Mi mamá y yo caminamos por la avenida principal del panteón, que está flanqueada por árboles que dan sombra y llenan de aire limpio el espacio. Y digo que fue una ruta de ausencias y presencias, porque a la izquierda de la capilla me topé con la tumba de don Jorge Pérez y detrás de la capilla hallé la tumba donde reposan los restos del padre Carlos y del padre Raúl Mandujano; y a mi derecha vi la tumba de Mariano N. Ruiz, antes habíamos pasado al lado de la tumba de Belisario Domínguez y la de Pantaleón Domínguez, y luego, por una vereda de tierra apisonada, donde un hombre, sobre una escalera, repintaba el letrero de Perpetuidad Familia Aguilar; topé con la tumba de Jorge Gordillo y luego, veinte pasos antes de llegar a la tumba de mi papá, estaba la tumba de mi tío Ciro Bermúdez, quien, lamentablemente, falleció hace cosa de mes y medio. La tumba de mi papá está a escasos veinte pasos de la tumba de mi tío Ciro. Quedaron cerca, casi vecinos. Mi tío Ciro fue un hombre honesto y muy trabajador. Lo recuerdo con cariño, porque él siempre me trató con igual deferencia. Antes, mucho antes, a la hora que entramos, a escasos veinte pasos de donde está enterrado mi amigo Miguel (¡Uf, ya hace más de treinta y tres años que moriste, querido Miguel, y acá, los de la palomilla, seguimos recordándote y queriéndote!) está la tumba de tío César Vives y de mi madrina Elenita (hermana de tío Ciro) quien siempre, Dios la guarde, me dijo: “Alejandrito”, a pesar de que yo ya estaba viejo. Conozco mucha gente que se molesta cuando alguien le aplica un diminutivo que pareciera ser exclusivo de la infancia o de la vejez. Si Marito tiene seis años el nombre le va bien, si don Marito tiene ochenta años, el nombre le va bien, pero no falta el Mario que se molesta cuando a sus veintidós años alguien le dice Marito. Yo extraño el Alejandrito que pronunciaba mi madrina, porque lo pronunciaba como si fuera agua bendita. A pesar de verme viejo me sabía niño.
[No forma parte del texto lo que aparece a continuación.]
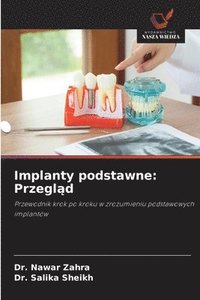 bokomslag Implanty podstawne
Mi mamá limpió la tumba de mi papá, dispuso con amor las flores, se persignó y rezó. Dijo: “Ya hizo veintisiete años tu papá”. Yo dije que sí. Entendí que mi mamá hablaba de los años de ausencia de su presencia. “Ya hizo veintisiete años”, dijo. Lo dijo con nostalgia, pero como si hubiera dicho que Romeo ya cumplió veintisiete años de vida. Y es que llega el momento en que todo se confunde y hablamos del tiempo de los muertos con la misma naturalidad con que hablamos del tiempo de los vivos.
Y de regreso pasamos a la tumba de doña Lolita Albores (“Se lo limpio, se lo blanqueo”) y a la tumba de la tía Bety Córdova. Y salimos y, mientras esperábamos el camión urbano, dos personas se acercaron a saludar a mi mamá. Ella tenía un chal y él llevaba una bufanda. Ella le preguntó a mi mamá: “¿Vino usted a saludar a sus muertitos?” y mi mamá dijo que sí, que había ido a la tumba de mi papá. “Ah, don Agustito” dijo ella y comentó que ella entraría para dejar flores en la tumba de su hija.
Y yo pensé que sí, que habíamos entrado al panteón “a saludar a nuestros muertitos”, a aquéllos que nos recuerdan la vida, porque la tumba de mi papá está a veinte pasos de la tumba de mi tío Ciro y a dos pasos de la tumba de doña Rome Aranda y de don Roberto Gómez. Ahí están en una vecindad infinita, compartiendo la tierra.
Pero cuando subimos al urbano dimos paso a la vida, porque en la parada del DIF subió una señora y dijo “Buenos días. Ahorita le pago”, pero yo vi que jamás abrió su monedero y bajó en la parada del Banco Nacional. En la esquina del Puente Hidalgo subieron una señora y una niña. La niña se adelantó, se sentó y le dijo a la señora (¿su mamá?) que se apurara y luego le preguntó: “¿Vamos a ir en la tarde a la casa de tío Mingo?”, y la señora no respondió, buscó las monedas en su bolso y pidió al pasajero que estaba sentado detrás del chofer: “¿Me hace favor de pagar?”, y el pasajero estiró la mano y, con paciencia, esperó el cambio y se lo entregó a la señora. “¿Vamos a ir?”, insistió la niña y la mujer insistió en su mutismo.
En la esquina del Banco, el chofer debió doblar a la derecha, porque la calle del templo de Santo Domingo estaba cerrada. “¿Qué pasó?”, preguntó la niña, la señora se ladeó tantito, miró hacia adelante y dijo que no sabía. Yo sí sabía, porque un corredor había subido al camión, llevaba una medalla en el pecho, tenía la cara colorada; yo sabía que había participado en la carrera pedestre que organizó la Fundación Colosio. Frente a la casa de la cultura estaba colocado el arco de meta.
El chofer modificó su ruta y bajó a la Pila y subió por la calle trasera del mercado Primero de Mayo y luego ya tomó la calle de don Ulises y subió hasta Bingo y ahí, en la esquina, vi a Raúl Espinosa, el genial caricaturista, con su esposa y uno de sus hijos. Y pensé que Raúl ha realizado cientos de dibujos de personajes de Comitán, unos vivos y otros muertos, en su obra hay una ruta similar a la que el domingo hicimos con mi mamá. Ya en el bulevar pedí: “En la parada, por favor” y el chofer se estacionó y bajamos, mi mamá y yo. Dije: “En la parada”. Y pensé que lo había dicho como si deseara hacer una pausa. Habíamos salido quince minutos antes de las nueve de la casa (de este nuevo horario, de la hora de Dios) y regresamos al cuarto para las diez. Apenas fue una hora que hicimos en la ruta, pero fue una hora tan intensa por haber “saludado” a tanto muertito, que sentí un agotamiento como si hubiera participado en la carrera de la Fundación, pero vi mi pecho y no hallé medalla alguna. Insistí y luego escuché mi corazón y supe que había ido al panteón, pero había regresado.